We don’t know if you are just surviving Christmas this year. If you are, please know that our hearts cry with yours. We know that God is crying with you too! After all, Christ came to this earth to save us from that, which makes people cry —the effects of sin! But because we live in a fallen world riddled with sin, it’s difficult sometimes to do much celebrating.

One of our favorite Christmas cards, that we received several years ago, said something we remember each Christmas. The front of the card reads, “Only a few heard the music when He arrived…” And then the inside of the card says, “BUT THE CELEBRATION WILL BE DEAFENING WHEN HE RETURNS!” It gives us chills just to think about that glorious celebration!

Surviving Christmas

And yet for those of you who are suffering because sin has hurt your life somehow, we know that celebrating could be the last thing you want to do. For that reason, we’d like to share with you the following message written by Anne Bercht who knows about the pain that one can feel at Christmas time. She and her husband Brian survived his extra-marital affair, which nearly destroyed their marriage. They were barely hanging onto their marriage when the Christmas season came upon them. She writes:

“Christmas is a painful time for many people. The media makes it worse with commercials showing happy families together in beautiful surroundings. In reality many people confess that the holidays are more of a high stress thing. It includes families and extended families getting their feelings hurt over disappointed expectations.

“In the early years of our marriage, Brian and I always had our biggest fights on special occasions. Finally one day, I recognized the pattern and realized the problem. Yes, it was actually me, not him. Imagine! I had such high expectations of wonderful celebrations —that not only did I stress everyone out, but I was doomed to disappointment, by the unrealistic expectations I had. I was trying to be like those people on the commercials.

Changing Expectations

“Since then, I expect nothing from holidays. I go about in a relaxed manner and do what I can, and forget about the rest. As a result, we have wonderful holiday celebrations. Oh, we don’t have 40 different dishes served, or mounding presents under the tree, or perfect decorations. Sometimes the house isn’t even spotlessly clean. We don’t get along perfectly with extended family. But what we do have is fun. We’re relaxed, not expecting anything. And since then we’ve had the greatest holidays.

“The first Christmas after discovering my husband Brian’s affair, I was scared, because things were not going well at all. I was afraid that I was going to end up throwing Brian out over Christmas. I knew from that point on, Christmas would be remembered as ‘the time mom and dad split up’ to our kids, and to us.

“So what Brian and I did during the holidays was to just ‘chill.’ I remember going to see my ‘Christian’ counselor one day who made the shocking statement that he thought our whole family needed to just sit around and smoke a joint. Of course he was kidding. But he was referring to the fact that we were all way too stressed out. We were trying too hard to fix everything too fast.

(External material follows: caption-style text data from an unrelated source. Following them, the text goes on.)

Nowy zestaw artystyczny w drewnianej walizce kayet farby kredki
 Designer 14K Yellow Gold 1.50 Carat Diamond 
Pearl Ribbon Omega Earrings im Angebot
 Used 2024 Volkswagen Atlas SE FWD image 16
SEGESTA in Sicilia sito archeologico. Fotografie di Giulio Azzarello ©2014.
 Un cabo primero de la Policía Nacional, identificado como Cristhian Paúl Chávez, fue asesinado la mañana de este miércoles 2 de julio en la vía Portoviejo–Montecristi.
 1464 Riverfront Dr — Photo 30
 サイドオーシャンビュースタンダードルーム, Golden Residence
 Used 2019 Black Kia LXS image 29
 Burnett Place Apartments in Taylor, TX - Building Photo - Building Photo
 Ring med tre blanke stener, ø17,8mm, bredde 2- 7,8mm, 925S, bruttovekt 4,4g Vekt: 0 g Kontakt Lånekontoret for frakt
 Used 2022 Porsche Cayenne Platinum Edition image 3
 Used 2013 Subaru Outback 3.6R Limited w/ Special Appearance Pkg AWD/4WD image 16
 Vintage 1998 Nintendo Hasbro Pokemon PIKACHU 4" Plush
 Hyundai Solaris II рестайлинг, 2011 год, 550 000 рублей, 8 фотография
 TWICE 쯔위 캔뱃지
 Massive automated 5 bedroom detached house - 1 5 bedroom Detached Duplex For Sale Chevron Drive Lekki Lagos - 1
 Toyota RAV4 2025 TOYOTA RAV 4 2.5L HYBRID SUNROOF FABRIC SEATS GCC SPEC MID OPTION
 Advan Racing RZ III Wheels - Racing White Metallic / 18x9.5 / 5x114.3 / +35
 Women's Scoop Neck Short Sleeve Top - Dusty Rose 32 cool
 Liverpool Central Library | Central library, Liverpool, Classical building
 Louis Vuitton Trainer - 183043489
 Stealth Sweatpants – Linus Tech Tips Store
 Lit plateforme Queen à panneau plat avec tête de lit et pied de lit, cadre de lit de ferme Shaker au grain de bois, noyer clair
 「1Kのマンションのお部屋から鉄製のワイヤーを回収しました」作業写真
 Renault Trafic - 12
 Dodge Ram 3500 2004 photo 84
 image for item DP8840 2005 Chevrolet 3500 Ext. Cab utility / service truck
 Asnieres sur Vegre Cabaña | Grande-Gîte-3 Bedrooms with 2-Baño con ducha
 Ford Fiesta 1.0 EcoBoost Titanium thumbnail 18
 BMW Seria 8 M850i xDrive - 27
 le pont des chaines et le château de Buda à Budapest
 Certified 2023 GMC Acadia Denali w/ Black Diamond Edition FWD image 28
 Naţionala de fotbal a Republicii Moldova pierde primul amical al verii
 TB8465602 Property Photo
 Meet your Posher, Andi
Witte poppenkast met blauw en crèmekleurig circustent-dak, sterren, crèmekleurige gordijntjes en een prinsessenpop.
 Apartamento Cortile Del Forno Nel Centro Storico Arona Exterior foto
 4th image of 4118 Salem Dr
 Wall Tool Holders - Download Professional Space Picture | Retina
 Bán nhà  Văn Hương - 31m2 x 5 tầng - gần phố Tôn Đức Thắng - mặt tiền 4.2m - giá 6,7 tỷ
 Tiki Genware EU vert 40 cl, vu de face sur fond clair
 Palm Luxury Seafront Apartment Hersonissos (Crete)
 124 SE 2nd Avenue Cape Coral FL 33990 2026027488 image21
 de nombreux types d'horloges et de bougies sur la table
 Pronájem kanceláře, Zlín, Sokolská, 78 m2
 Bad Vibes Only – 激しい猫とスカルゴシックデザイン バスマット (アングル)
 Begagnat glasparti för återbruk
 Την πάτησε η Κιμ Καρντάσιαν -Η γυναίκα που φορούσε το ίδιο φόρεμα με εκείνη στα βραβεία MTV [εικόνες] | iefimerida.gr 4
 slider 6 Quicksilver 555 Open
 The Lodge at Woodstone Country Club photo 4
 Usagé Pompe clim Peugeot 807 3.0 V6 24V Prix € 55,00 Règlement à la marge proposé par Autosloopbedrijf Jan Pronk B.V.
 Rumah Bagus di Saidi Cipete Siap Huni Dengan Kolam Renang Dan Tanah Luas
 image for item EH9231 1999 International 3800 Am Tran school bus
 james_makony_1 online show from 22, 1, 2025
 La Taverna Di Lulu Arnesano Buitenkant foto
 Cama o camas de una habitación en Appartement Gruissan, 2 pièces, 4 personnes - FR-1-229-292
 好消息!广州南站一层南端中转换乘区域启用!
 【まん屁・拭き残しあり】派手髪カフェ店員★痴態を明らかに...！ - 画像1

Setting Aside Disappointments

“So that’s what we did that Christmas. (No, we didn’t smoke a joint —we relaxed.) We put the affair and dealing with all of our disappointments in our marriage on hold. We decided to do our best to enjoy each others company. And we worked to remember what we had enjoyed about each other in all the good years of our marriage. We focused on the things that had attracted us to each other.

“Miraculously, we had a wonderful Christmas, and discovered that we really did like being together. This gave us a new hope to continue the hard work of rebuilding our marriage in the New Year.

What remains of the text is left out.